When Feb 26, 2026 - Mar 1, 2026
Where Montreal, Canada
Submission Deadline Oct 2, 2025
 

Call For Papers

While ancient Europe regarded India as a land of material wealth and proverbial wisdom, it also saw it as a land of man-like monkeys, banyan trees, and enormous elephants. Ancient Europeans perceived Indians as wearing bright colors, eating rice and meat, and lacking wine-drinking finesse. Today, portrayals of India in prose fiction, cinema, social media, and historiography have shifted from polarized images of Europe and India to narratives depicting a “Dark” and a “Shining” India. Characters in these texts strive to be part of an economically thriving “shining” India, even as they face social, cultural, and political challenges daily. These texts often depict a “victim” Indian who is denied freedom and livelihood due to a fundamentally corrupt Global South. Prominent authors from India or of Indian descent, such as Megha Majumdar (A Burning, 2020), Alka Joshi (The Henna Artist, 2020), and Thrity Umrigar (Honor, 2022), amplify these negative stories as authentic voices of Indian realities. They garner global validation by writing, circulating, and (mis)representing the “downtrodden” back home. In their works, India’s global image centres on its poverty and a morally compromised socio-political ecosystem that must be transparent to an international audience. These persistent negative cultural portrayals support colonial frameworks of Orientalism. Furthermore, these portrayals have a reductive understanding of the haves and the have-nots—recognised institutions and the common mass—that are not mutually exclusive but rather work together to influence the Indian economy.

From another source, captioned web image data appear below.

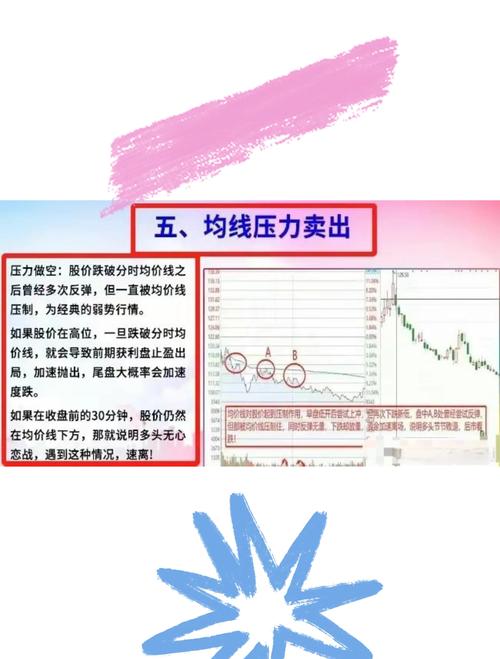 股票投资资金分配建议_股票市场获利技巧_新股民快速入门必读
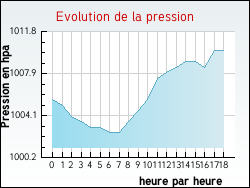 Evolution de la pression de la ville Noailles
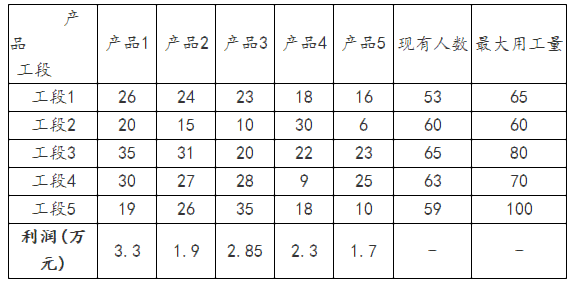 用EXCEL规划求解工具进行人力资源优化配置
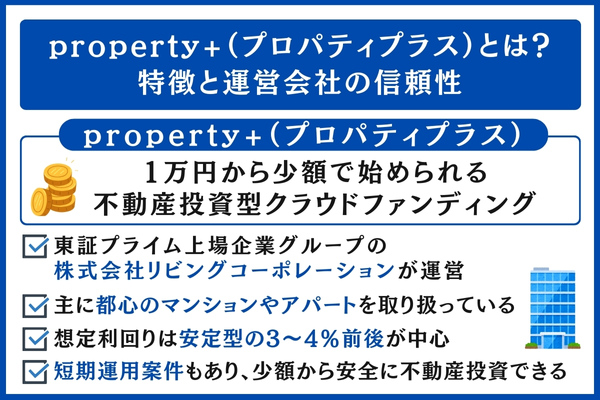 property+（プロパティプラス）とは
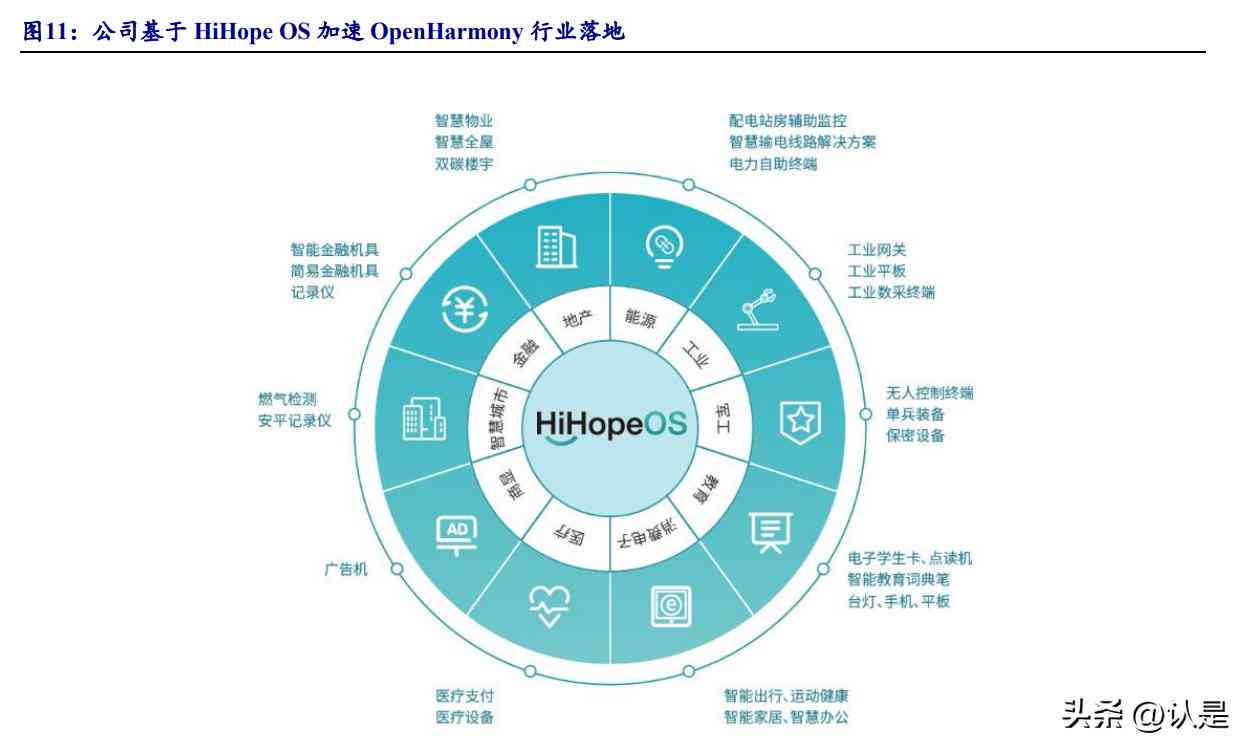 探索AI智能报告生成工具：揭秘热门小程序名称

This panel thus explores how representations of poverty in contemporary texts confine modern India within orientalist frameworks. It examines “slum tourism,” “poverty porn,” “poverty chic,” and “poverty tours” as common tropes representing India and, by extension, a popular form of conscious consumption by the Global North regarding the Global South. We invite papers exploring the connections between poverty, consumerism, the Global South, literary capitalism, and recent oriental themes in literary narratives and other media forms related to India. The panel aims to challenge oversimplified views of poverty that sustain unequal global economies and perpetuate Western colonialism.